Civil Rights
Jul. 30, 2002
First Plaintiff Testifies In Racial-Profiling Case
LOS ANGELES - One of three African-Americans in a racial profiling trial against the Los Angeles Police Department testified Friday that he was forced at gunpoint to lie on hot pavement, handcuffed, told to shut up and called, "Boy."
Wayne Person, 50, a Department of Defense worker in Portsmouth, Va., said he perceived the officer's comments during the traffic stop in Venice to be a slur. "Help me, Lord," he said silently, because he feared being hurt, Person continued.
Person was the first of the plaintiffs, who also include his wife, Alotha Willis, a Virginia judge, and friend, Sheryl Crayton, a Los Angeles school administrator, to testify about the July 3, 1999, incident, in which officers briefly held the group on the belief that they were driving a stolen car. Willis v.

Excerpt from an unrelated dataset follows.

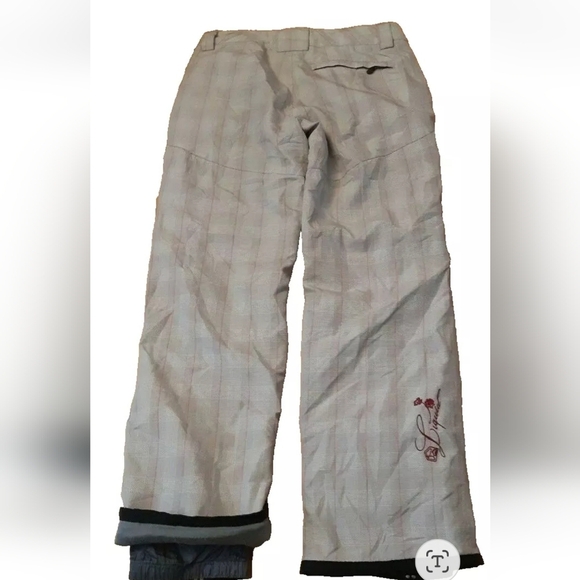 LIQUID BOARDWEAR ski pants snowboard winter sports tan pink check Medium *FLAW - Picture 3 of 9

Parks, CV-12705 (C.D. Cal., filed 1999).
The officers quickly discovered that the Department of Motor Vehicles had made a mistake on the license plate and freed the trio.
Before Person's testimony, former Los Angeles police Chief Bernard C. Parks made a brief appearance.
Parks told the jury that, following the incident, his department reassessed the training procedure for officers in suspected felonies, and determined that no changes were warranted. He said that officers are expected to use their own discretion when handling these types of potentially dangerous situations.
However, Parks said, that in this particular incident, one officer was disciplined for his use of "improper language."
U.S. District Judge Christina Snyder is presiding over the federal civil rights case.
Venice civil rights attorney Stephen Yagman of Yagman & Yagman & Reichmann & Bloomfield is representing the plaintiffs. Assistant City Attorney Don Vincent is representing the police department.